Supplied information →
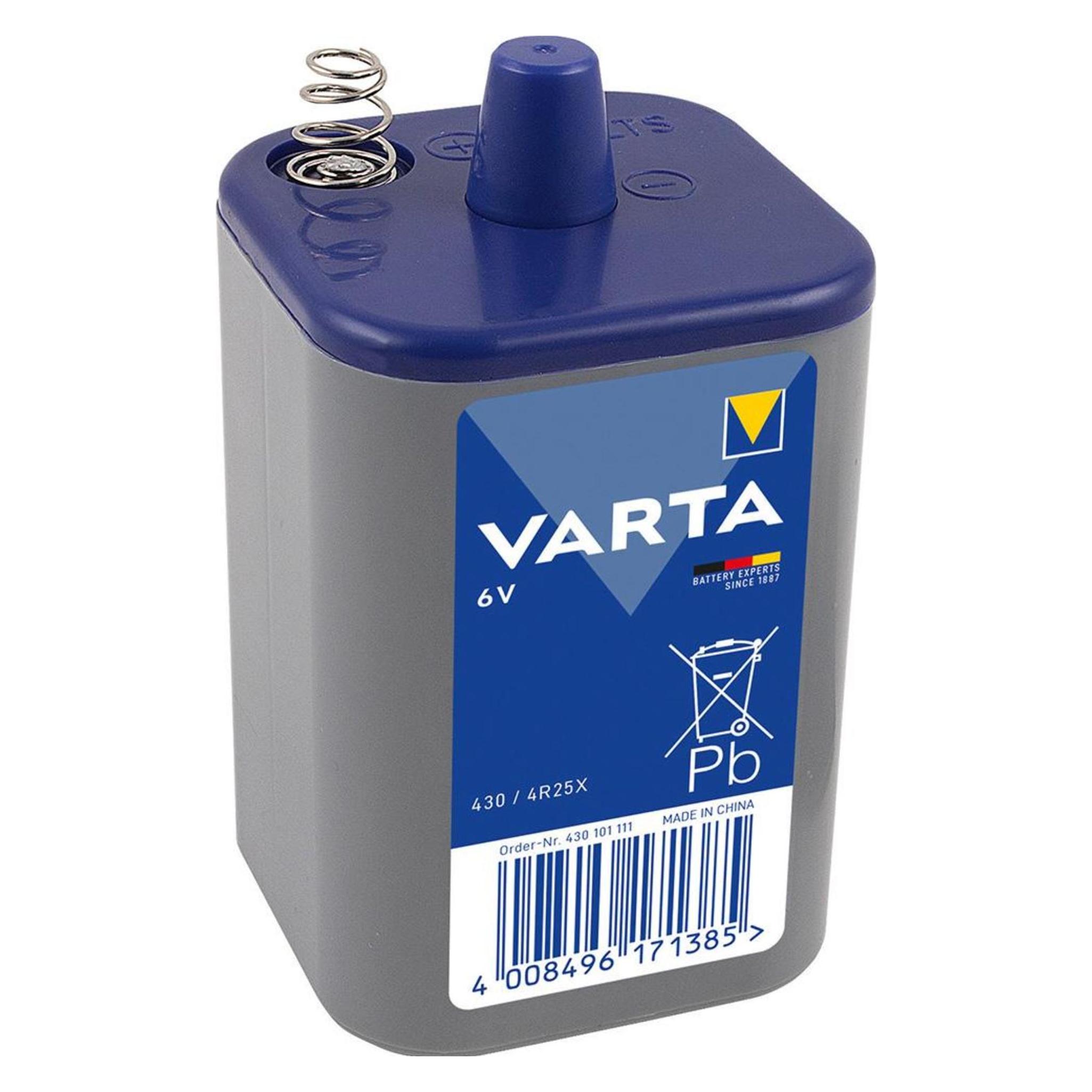 Varta Special (1 Stk., 4R25X, 7500 mAh) (00430 101 111)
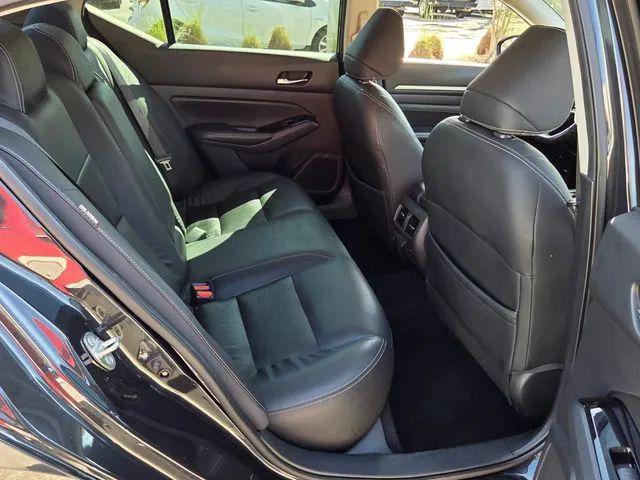 2020 Nissan Altima Platinum FWD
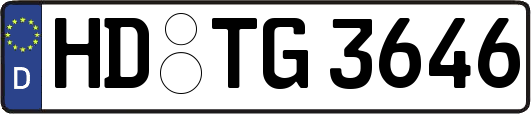 HD-TG3646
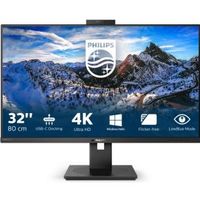 Philips P-Line 329P1H/00 32 4K Ultra HD USB-C 90W IPS Monitor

Exercise aim → Every line of the material must be repeated exactly; pictures stay out.

Written response →
 Varta Special (1 Stk., 4R25X, 7500 mAh) (00430 101 111)
 2020 Nissan Altima Platinum FWD
 HD-TG3646
 Philips P-Line 329P1H/00 32 4K Ultra HD USB-C 90W IPS Monitor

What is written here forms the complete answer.